• [Problem]: In your copy, leave out all pictures and reproduce every entry exactly.

===== Provided entries

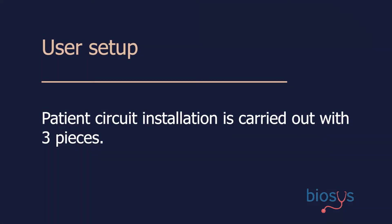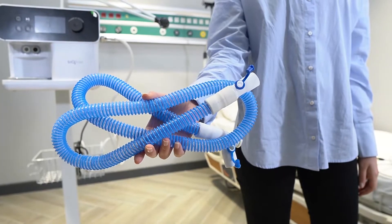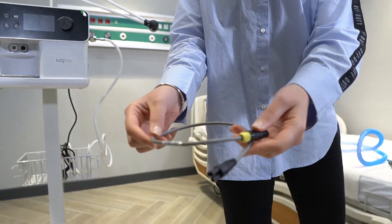Patient circuit installation is carried out with three pieces: heated wire, patient circuit, temperature probe, and heater wire adapter.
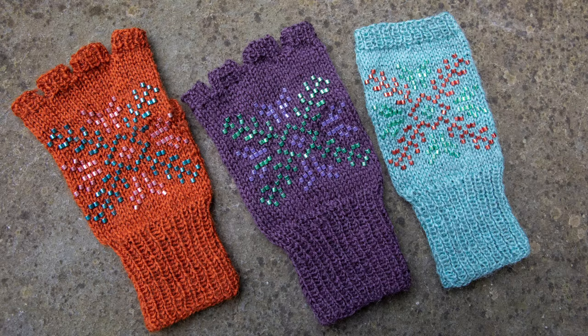Hi, I'm Laura Nelkin. I'm a knitwear designer. I live in upstate New York in the Finger Lakes region. This is a companion video for my latest Lola's Choice kit, Beadic Mitts. Beadic Mitts are a fingerless mitt with a Nordic beaded star on the back of the hand.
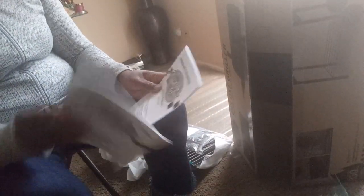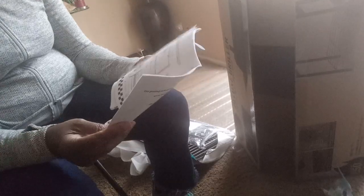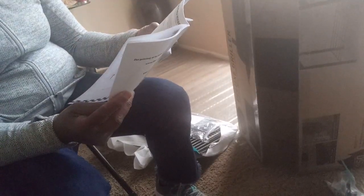I was looking at the instructions and I didn't realize I was looking at the Spanish version. I said, wait a minute, I don't speak Spanish — how would I do this? So I looked again and it turned out there's one book for Spanish and one for English. I'm doing the English one now.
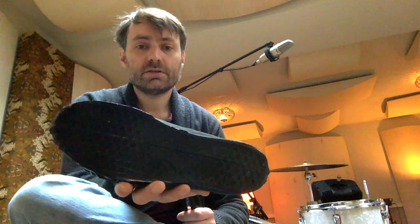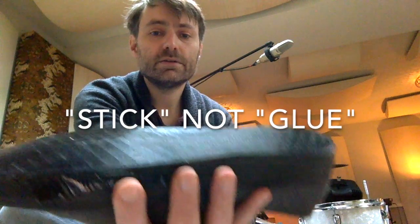Hey guys, this is Evo with the Velvet Overlook Recording Studio in Tilburg. I've got a little quick tip for you. If you want slippery shoes like Giorgio Mayer uses, but you don't want to use leather because you're a vegetarian or whatever, just glue some gaffer tape to the soles of any sneaker.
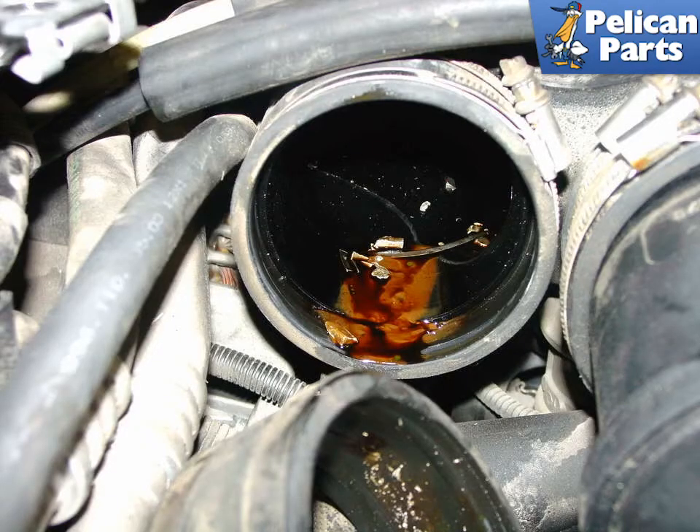Clean out any oil and debris from inside your intake plenum and replace the rubber hose boots if they are old or cracking.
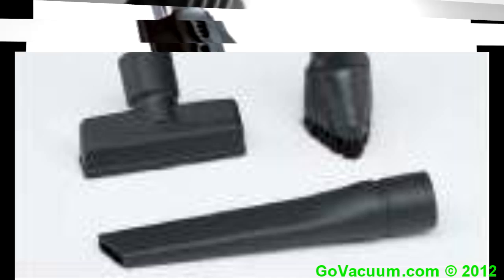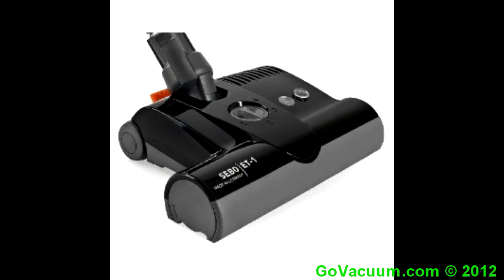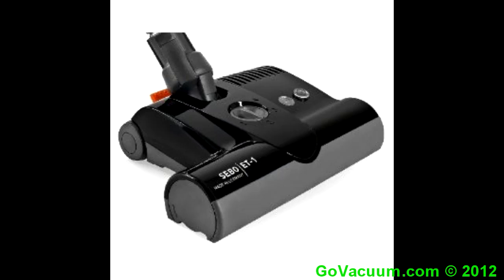Before too long, the dirt is gone. To clean your floors, you can't go wrong. Get spot-free carpet and beyond. To clean your floors, you can't go wrong at GoVacuum.com.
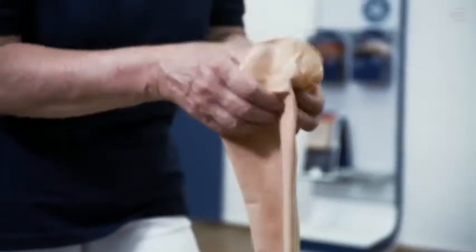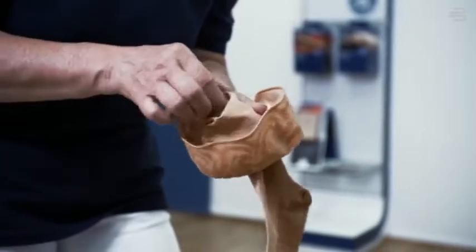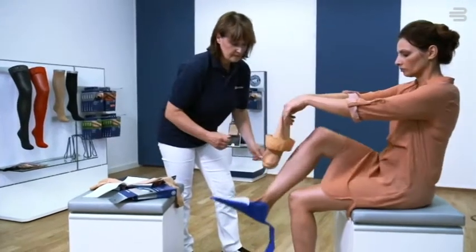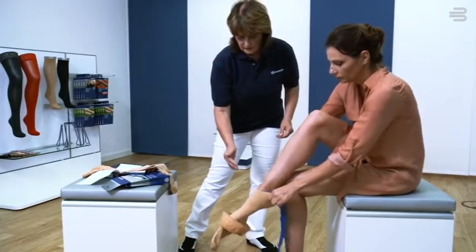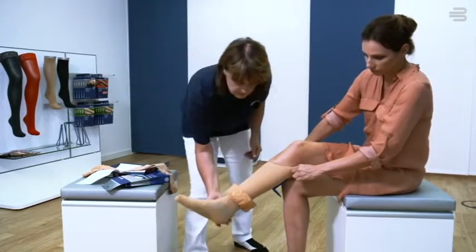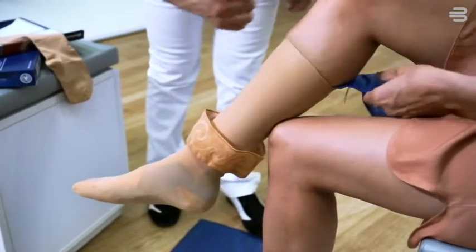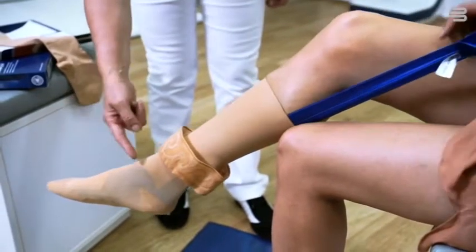Unfold the compression stocking a good half of the way without creating any creases at the edges. With the glider, push steadily into the foot of the stocking. Now use the loop provided to pull the glider out slowly and completely.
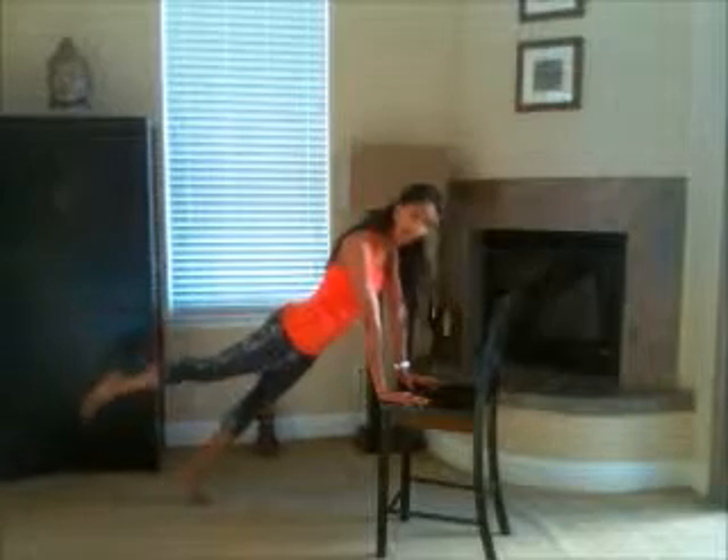I'm going to start by taking my right leg back — this is my starting position. From here I'm going to squeeze through my abs, draw the knee in towards my nose, drop my forehead down and exhale. This is one. Extend back.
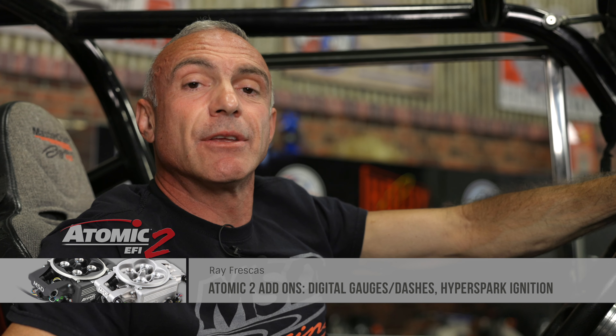We've been running our Atomic 2 EFI for a few months now and let me tell you it's completely modernized our classic rig. It starts with a quick turn of the key — no more priming, no more choke, it simply starts.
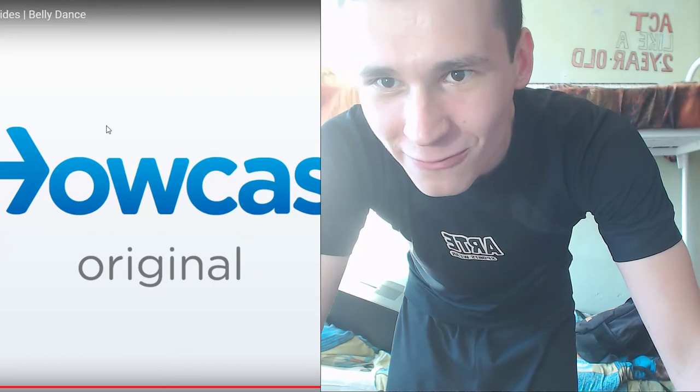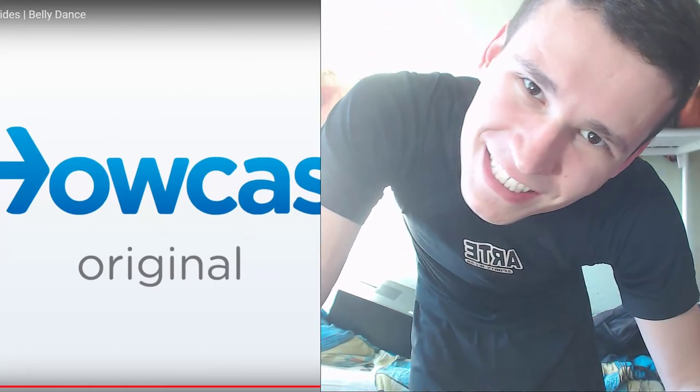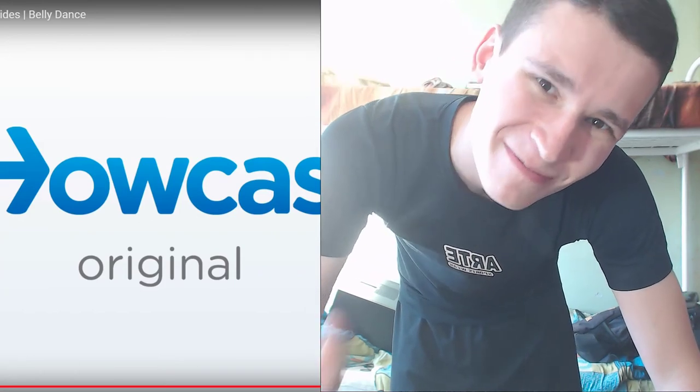Thank you for this tutorial for HowCast. Thank you, and see you next time. Bye bye, my dears, my dear ballet dancers, bye.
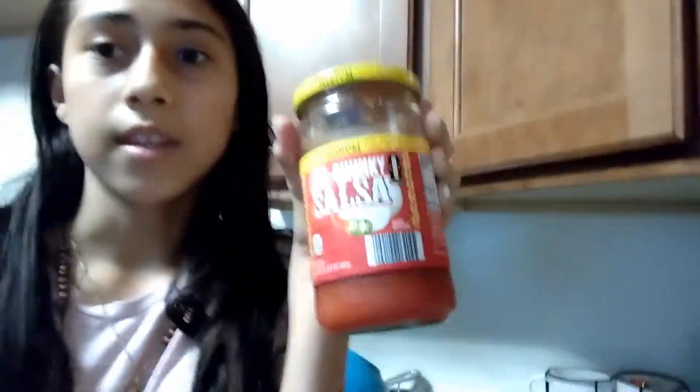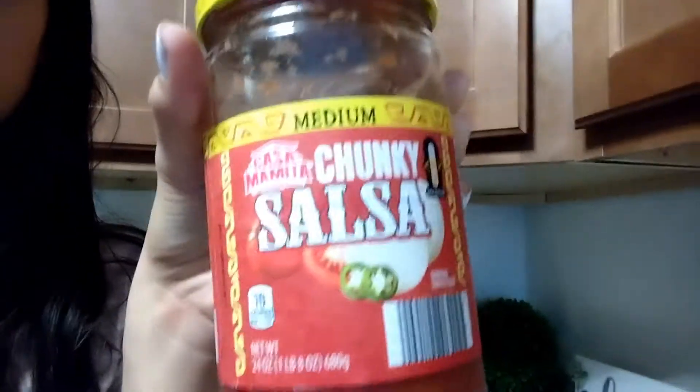Just to let you guys know, I'm going to show you guys the sauce that I'm using. So I'm using this sauce — it's from Ali's, and the spiciness is medium, so I don't want it to be too spicy. And it already has tomatoes, chile, and onions, so yeah.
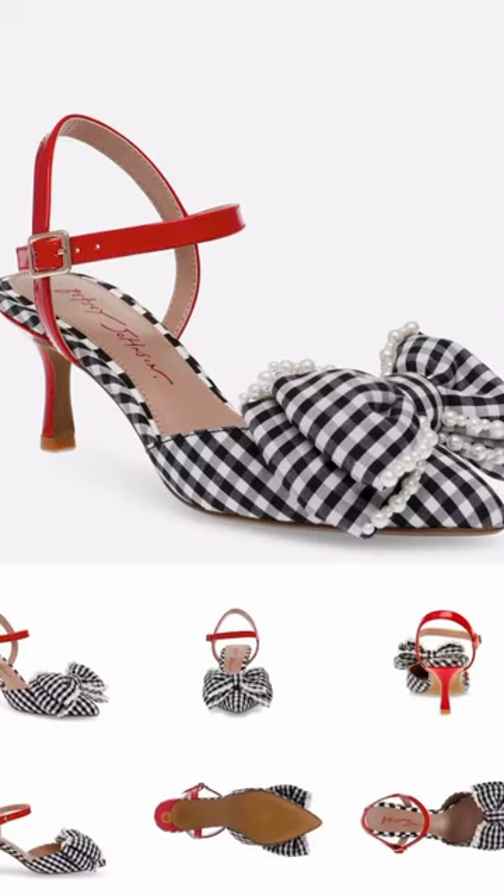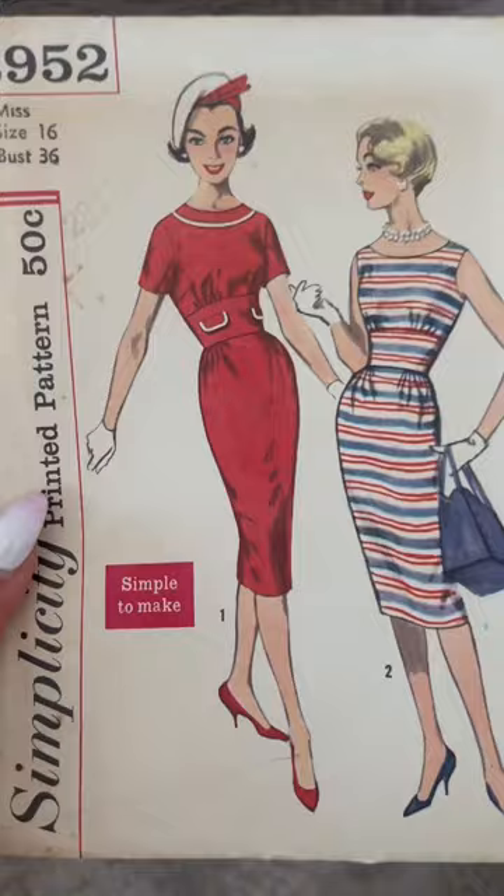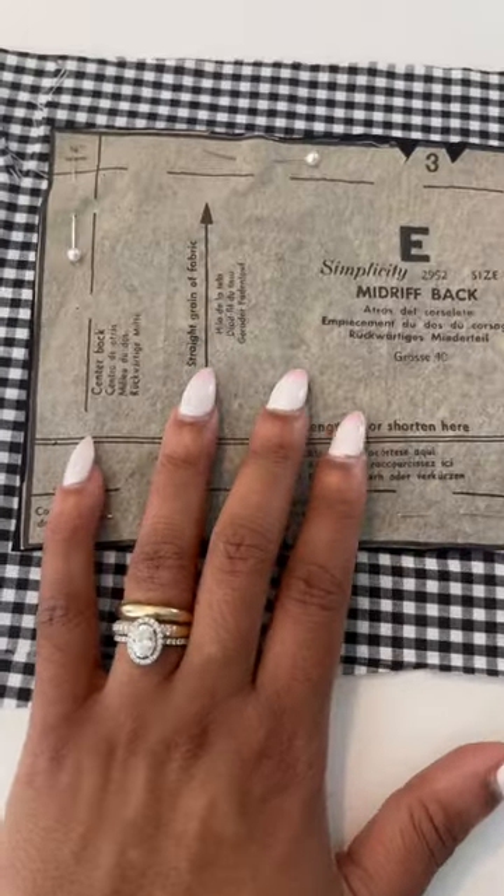I fell in love with these Bessie Johnson shoes, so I ordered them, remembering I had some inexpensive gingham on hand but also some Balenciaga fabric. So I'm gonna make two dresses using the sewing pattern I used for Easter because I loved it. So I got to work.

==========

• [Reply to the exercise]:
Patient circuit installation is carried out with three pieces: heated wire, patient circuit, temperature probe, and heater wire adapter.
Hi, I'm Laura Nelkin. I'm a knitwear designer. I live in upstate New York in the Finger Lakes region. This is a companion video for my latest Lola's Choice kit, Beadic Mitts. Beadic Mitts are a fingerless mitt with a Nordic beaded star on the back of the hand.
I was looking at the instructions and I didn't realize I was looking at the Spanish version. I said, wait a minute, I don't speak Spanish — how would I do this? So I looked again and it turned out there's one book for Spanish and one for English. I'm doing the English one now.
Hey guys, this is Evo with the Velvet Overlook Recording Studio in Tilburg. I've got a little quick tip for you. If you want slippery shoes like Giorgio Mayer uses, but you don't want to use leather because you're a vegetarian or whatever, just glue some gaffer tape to the soles of any sneaker.
Clean out any oil and debris from inside your intake plenum and replace the rubber hose boots if they are old or cracking.
Before too long, the dirt is gone. To clean your floors, you can't go wrong. Get spot-free carpet and beyond. To clean your floors, you can't go wrong at GoVacuum.com.
Unfold the compression stocking a good half of the way without creating any creases at the edges. With the glider, push steadily into the foot of the stocking. Now use the loop provided to pull the glider out slowly and completely.
I'm going to start by taking my right leg back — this is my starting position. From here I'm going to squeeze through my abs, draw the knee in towards my nose, drop my forehead down and exhale. This is one. Extend back.
We've been running our Atomic 2 EFI for a few months now and let me tell you it's completely modernized our classic rig. It starts with a quick turn of the key — no more priming, no more choke, it simply starts.
Thank you for this tutorial for HowCast. Thank you, and see you next time. Bye bye, my dears, my dear ballet dancers, bye.
Just to let you guys know, I'm going to show you guys the sauce that I'm using. So I'm using this sauce — it's from Ali's, and the spiciness is medium, so I don't want it to be too spicy. And it already has tomatoes, chile, and onions, so yeah.
I fell in love with these Bessie Johnson shoes, so I ordered them, remembering I had some inexpensive gingham on hand but also some Balenciaga fabric. So I'm gonna make two dresses using the sewing pattern I used for Easter because I loved it. So I got to work.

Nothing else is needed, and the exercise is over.